Companies go to great lengths to protect their trademark. An action for trademark infringement under the Lanham Act also includes claims that a party is selling counterfeit goods using another party’s trademark. Those are serious claims and if found liable can result in severe statutory penalties.
“To prevail on its claims under the Lanham Act for trademark infringement, counterfeiting and false designation of origin, plaintiff must demonstrate that, ‘(1) it owns a valid and protectable trademark, and (2) the defendant used in commerce a similar mark without authorization in a manner likely to cause consumer confusion, deception, or mistake.'”
The Lanham Act authorizes recovery of statutory damages for use of counterfeit marks, and provides, in relevant part, as follows:
In a case involving the use of a counterfeit mark . . . in connection with the sale, offering for sale, or distribution of goods or services, the plaintiff may elect, at any time before final judgment is rendered by the trial court, to recover, instead of actual damages and profits under subsection (a), an award of statutory damages for any such use in connection with the sale, offering for sale, or distribution of goods or services in the amount of—
(1) not less than $1,000 or more than $200,000 per counterfeit mark per type of goods or services sold, offered for sale, or distributed, as the court considers just; or
(2) if the court finds that the use of the counterfeit mark was willful, not more than $2,000,000 per counterfeit mark per type of goods or services sold, offered for sale, or distributed, as the court considers just.

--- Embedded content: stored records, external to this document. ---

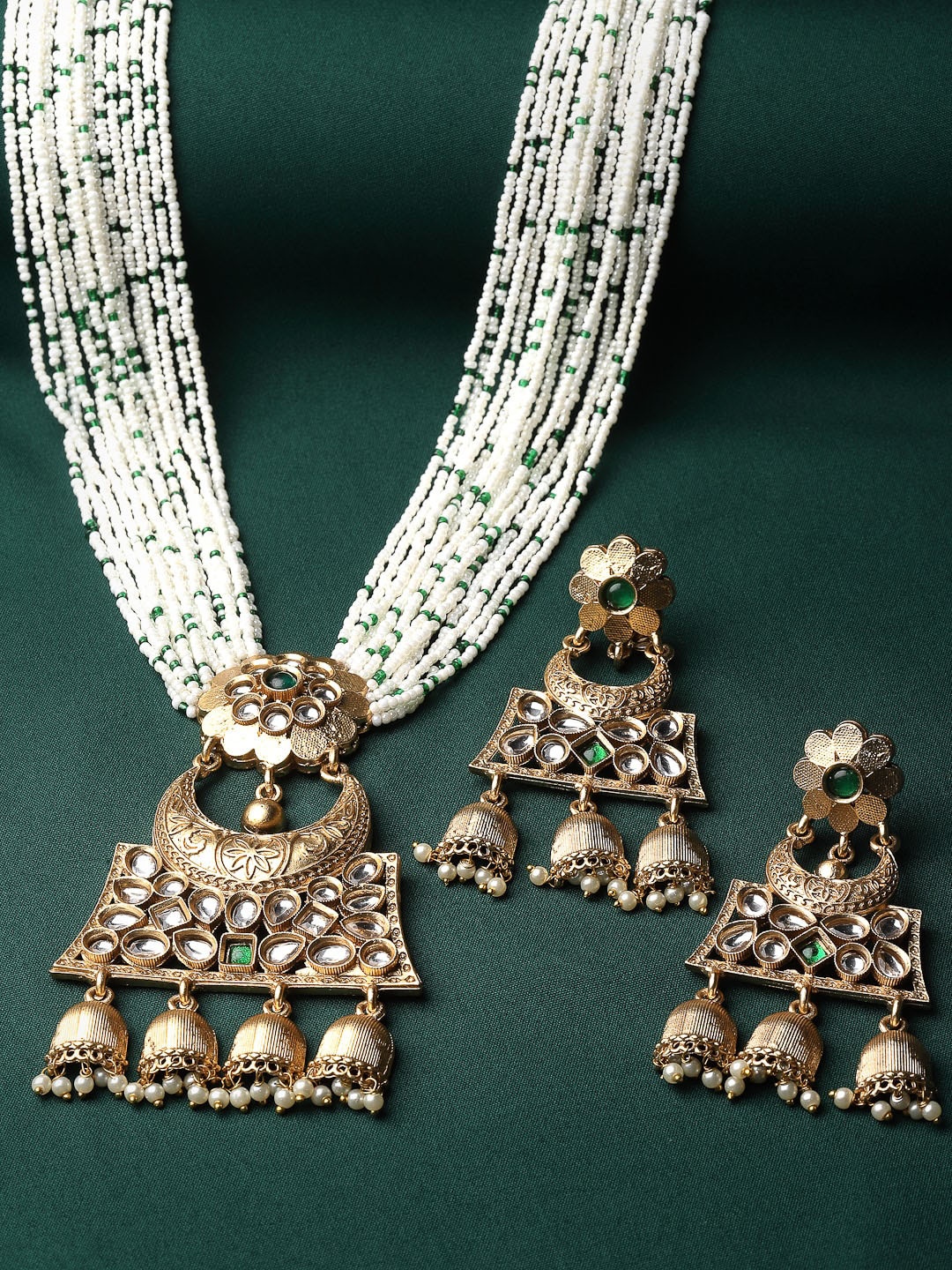 

ADIVA Gold-Plated Kudan Stone-Studded & Pearl-Beaded Necklace & Earrings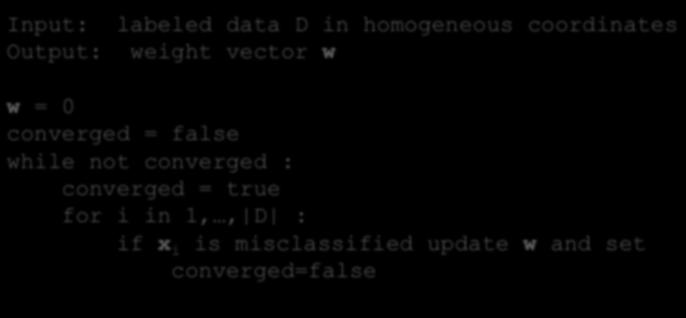 converged : converged = true for i in 1,, D : if x i is misclassified update and set converged=false The algorithm makes sense, but let s try to derive it in a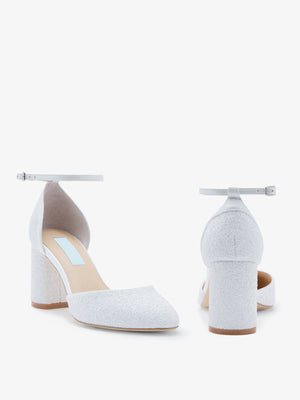 Charlotte Mills Jazzy Pearl Crushed Glitter Two Part Block Heel Bridal Shoe with Ankle Strap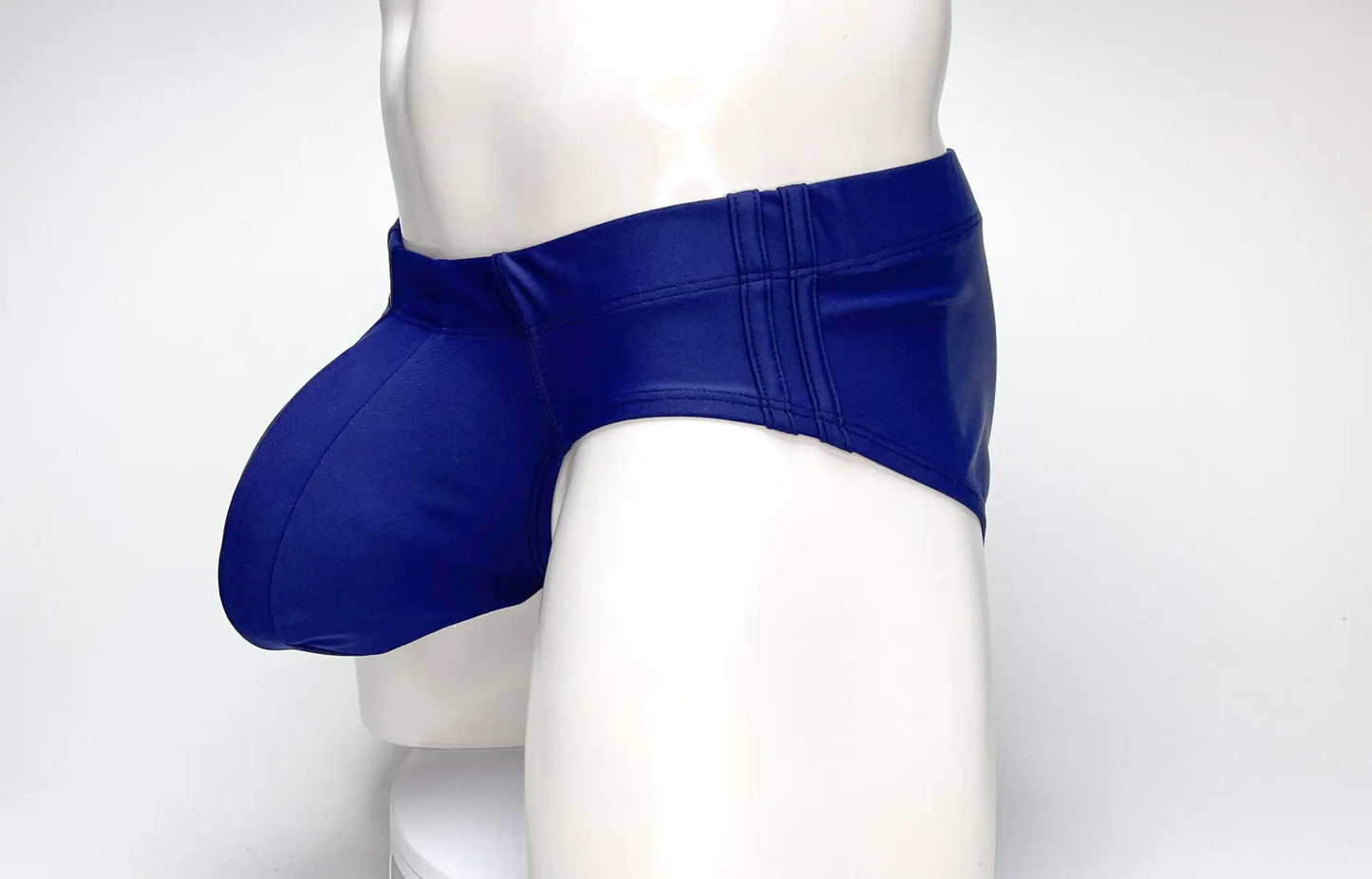 Wildmant big boy pouch swim brief navy royal blue faux leather trunks with distinctive pouch design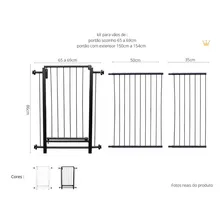 Portão Pet Grade Segurança com Travas 150cm a 154cm Cor Preto Império Diano Foto mini 4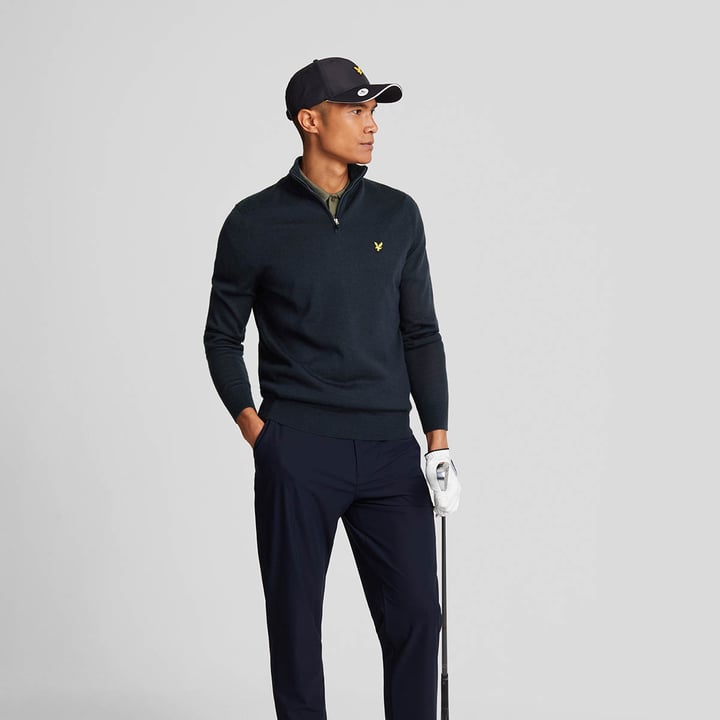 Merino Blend Quarter Zip Blå Lyle & Scott Merino Blend Quarter Zip Blå Lyle & Scott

The Lanham does not provide guidelines for courts to determine an appropriate award of statutory damages. However, the Ninth Circuit has directed that damage awards should make “deliberate acts of trade-mark infringement unprofitable.” Maier Brewing Co. v. Fleischmann Distilling Corp., 390 F.2d 117, 123 (9th Cir. 1968.)
Statutory damage awards by courts vary widely. In Otter Products LLC v. Ace Colors Fashion, Inc., awarding $35,000 upon evidence of the sale of eleven counterfeit items after the plaintiff requested $100,000. In another case the court declined to issue statutory maximum award because the plaintiff presented no evidence regarding the extent of sales by the defendant, but awarding $25,000 per product based on evidence of 21 products bearing the plaintiff’s marks.
Because of the uncertainty of damages the court can award if it finds a party sold counterfeit goods it is important to take these actions seriously when mounting a defense.